_What you are asked to do:_ Only the lines from the top of the records below through the line containing "IcebergBrokers.com отзывы" should be printed, exactly and without pictures.

==== Exercise data ====

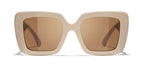 CHANEL 5567 Cat-Eye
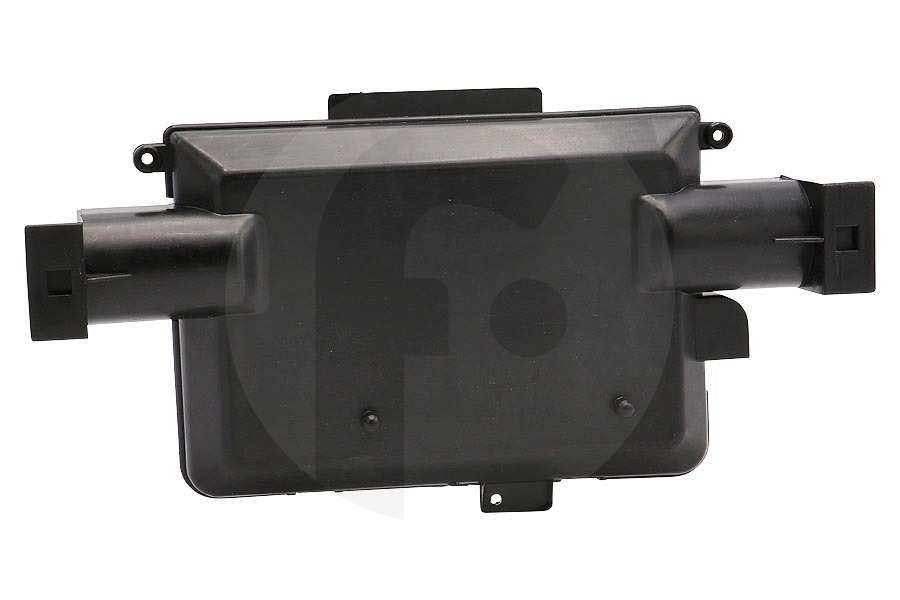 Whirlpool C00939086 Campana extractora Tapa/cubierta (Cubierta de placa de circuito) campana extractora 481941879596 apto para entre otros Capucha AKR673
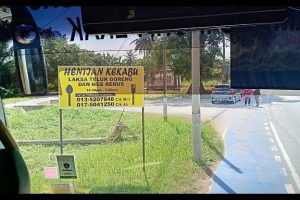 Hentian Kekabu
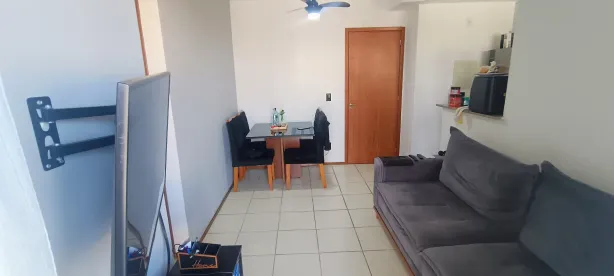 Apartamento com 2 Quartos à venda, 48m² no Del Castilho, Rio de Janeiro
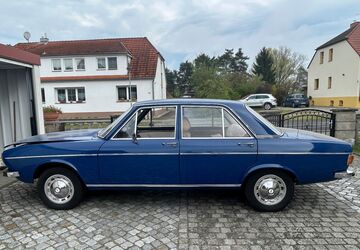 Audi 100 139.400 km 3.990 &euro; Groß Lindow 15295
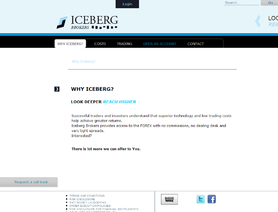 IcebergBrokers.com отзывы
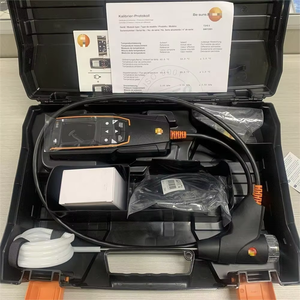 Original 310 Industrial Combustion Flue Gas Analyzer Kit with 0.1 Vol.% Resolution and Standard Accuracy - Product Image 2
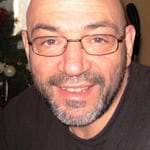 Avatar of user Andronik Amasyan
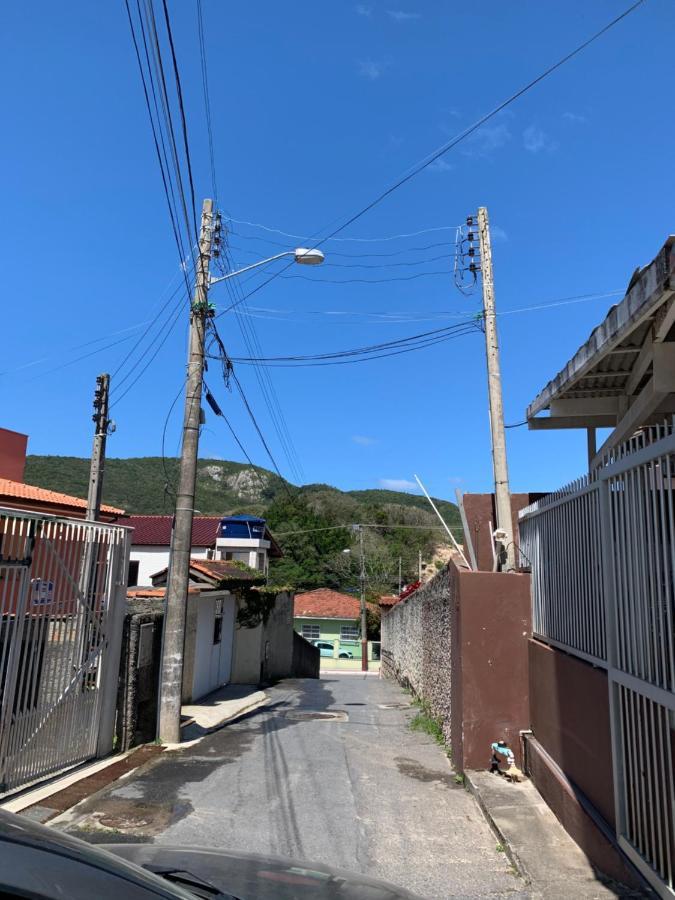 Apartamento Na Praia Dos Ingleses Florianópolis Exterior foto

====

_Answer to this problem:_
 CHANEL 5567 Cat-Eye
 Whirlpool C00939086 Campana extractora Tapa/cubierta (Cubierta de placa de circuito) campana extractora 481941879596 apto para entre otros Capucha AKR673
 Hentian Kekabu
 Apartamento com 2 Quartos à venda, 48m² no Del Castilho, Rio de Janeiro
 Audi 100 139.400 km 3.990 &euro; Groß Lindow 15295
 IcebergBrokers.com отзывы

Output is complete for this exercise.